▶ **What you are asked to do**
Below are records to be transcribed exactly; any pictures should be left out.
______________________________
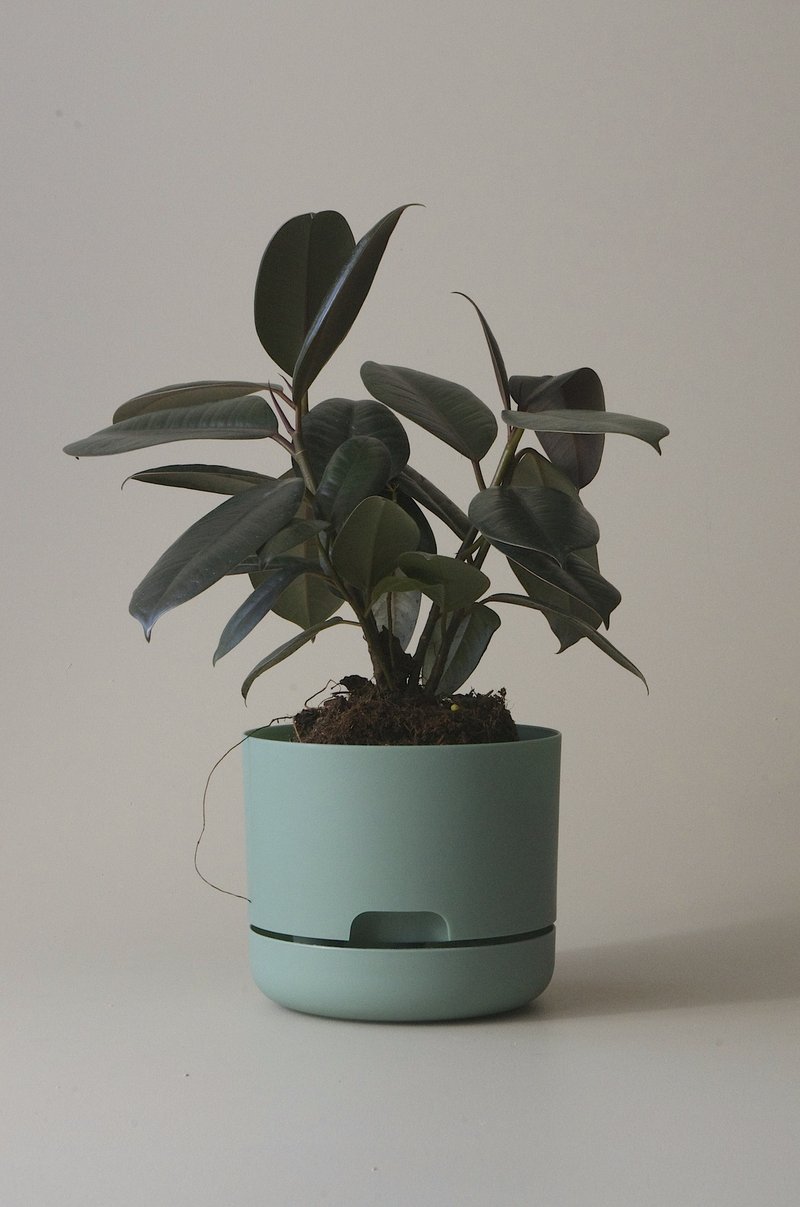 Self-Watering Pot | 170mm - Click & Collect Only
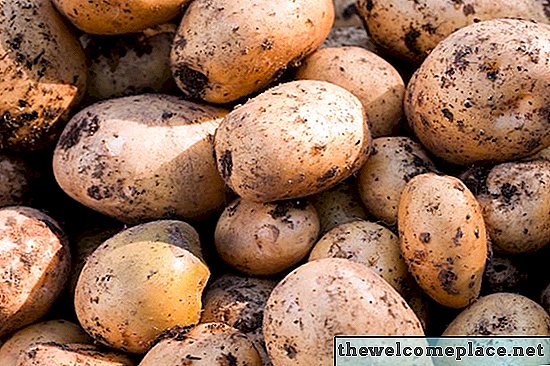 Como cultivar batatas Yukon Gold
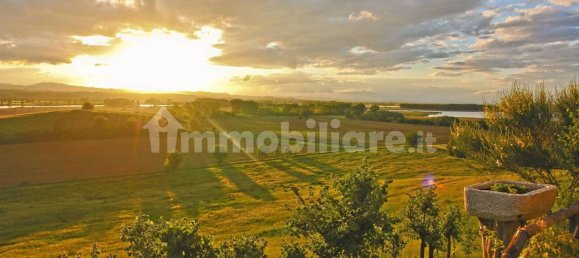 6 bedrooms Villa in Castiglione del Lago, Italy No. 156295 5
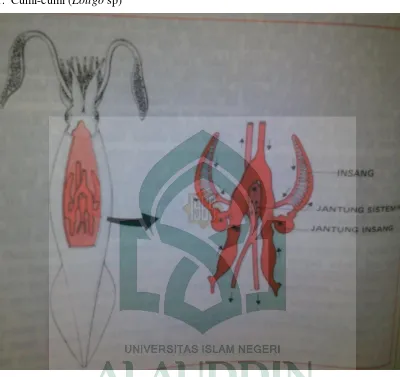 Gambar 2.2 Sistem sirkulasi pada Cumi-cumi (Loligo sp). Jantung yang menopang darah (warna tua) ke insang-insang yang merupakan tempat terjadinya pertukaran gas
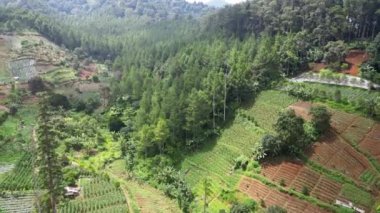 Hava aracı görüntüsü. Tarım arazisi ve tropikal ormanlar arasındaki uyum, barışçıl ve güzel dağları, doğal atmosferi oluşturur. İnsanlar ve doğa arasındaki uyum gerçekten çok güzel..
______________________________
▶ **Task solution**
 Self-Watering Pot | 170mm - Click & Collect Only
 Como cultivar batatas Yukon Gold
 6 bedrooms Villa in Castiglione del Lago, Italy No. 156295 5
 Gambar 2.2 Sistem sirkulasi pada Cumi-cumi (Loligo sp). Jantung yang menopang darah (warna tua) ke insang-insang yang merupakan tempat terjadinya pertukaran gas
 Hava aracı görüntüsü. Tarım arazisi ve tropikal ormanlar arasındaki uyum, barışçıl ve güzel dağları, doğal atmosferi oluşturur. İnsanlar ve doğa arasındaki uyum gerçekten çok güzel..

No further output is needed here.